*** Begin section ***

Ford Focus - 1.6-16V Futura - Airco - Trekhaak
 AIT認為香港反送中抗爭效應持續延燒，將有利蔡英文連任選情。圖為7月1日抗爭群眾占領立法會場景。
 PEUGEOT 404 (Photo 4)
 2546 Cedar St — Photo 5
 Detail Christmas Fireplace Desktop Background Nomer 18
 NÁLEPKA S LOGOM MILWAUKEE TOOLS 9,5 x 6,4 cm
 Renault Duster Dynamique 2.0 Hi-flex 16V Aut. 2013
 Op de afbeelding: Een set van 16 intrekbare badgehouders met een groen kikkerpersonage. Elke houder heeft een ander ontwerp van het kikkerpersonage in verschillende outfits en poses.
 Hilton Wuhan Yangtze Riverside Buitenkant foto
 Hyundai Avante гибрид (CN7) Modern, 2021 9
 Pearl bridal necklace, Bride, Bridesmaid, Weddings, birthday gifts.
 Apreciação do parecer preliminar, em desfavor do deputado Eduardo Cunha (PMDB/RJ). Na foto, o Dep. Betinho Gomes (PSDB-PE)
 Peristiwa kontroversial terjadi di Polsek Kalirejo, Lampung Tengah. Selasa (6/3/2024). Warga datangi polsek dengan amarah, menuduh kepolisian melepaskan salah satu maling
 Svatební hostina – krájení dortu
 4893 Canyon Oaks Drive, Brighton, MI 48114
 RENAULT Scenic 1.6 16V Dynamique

*** End section ***

PROMPT: Please copy out the preceding data in full, exactly as written.

RESULT:
Ford Focus - 1.6-16V Futura - Airco - Trekhaak
 AIT認為香港反送中抗爭效應持續延燒，將有利蔡英文連任選情。圖為7月1日抗爭群眾占領立法會場景。
 PEUGEOT 404 (Photo 4)
 2546 Cedar St — Photo 5
 Detail Christmas Fireplace Desktop Background Nomer 18
 NÁLEPKA S LOGOM MILWAUKEE TOOLS 9,5 x 6,4 cm
 Renault Duster Dynamique 2.0 Hi-flex 16V Aut. 2013
 Op de afbeelding: Een set van 16 intrekbare badgehouders met een groen kikkerpersonage. Elke houder heeft een ander ontwerp van het kikkerpersonage in verschillende outfits en poses.
 Hilton Wuhan Yangtze Riverside Buitenkant foto
 Hyundai Avante гибрид (CN7) Modern, 2021 9
 Pearl bridal necklace, Bride, Bridesmaid, Weddings, birthday gifts.
 Apreciação do parecer preliminar, em desfavor do deputado Eduardo Cunha (PMDB/RJ). Na foto, o Dep. Betinho Gomes (PSDB-PE)
 Peristiwa kontroversial terjadi di Polsek Kalirejo, Lampung Tengah. Selasa (6/3/2024). Warga datangi polsek dengan amarah, menuduh kepolisian melepaskan salah satu maling
 Svatební hostina – krájení dortu
 4893 Canyon Oaks Drive, Brighton, MI 48114
 RENAULT Scenic 1.6 16V Dynamique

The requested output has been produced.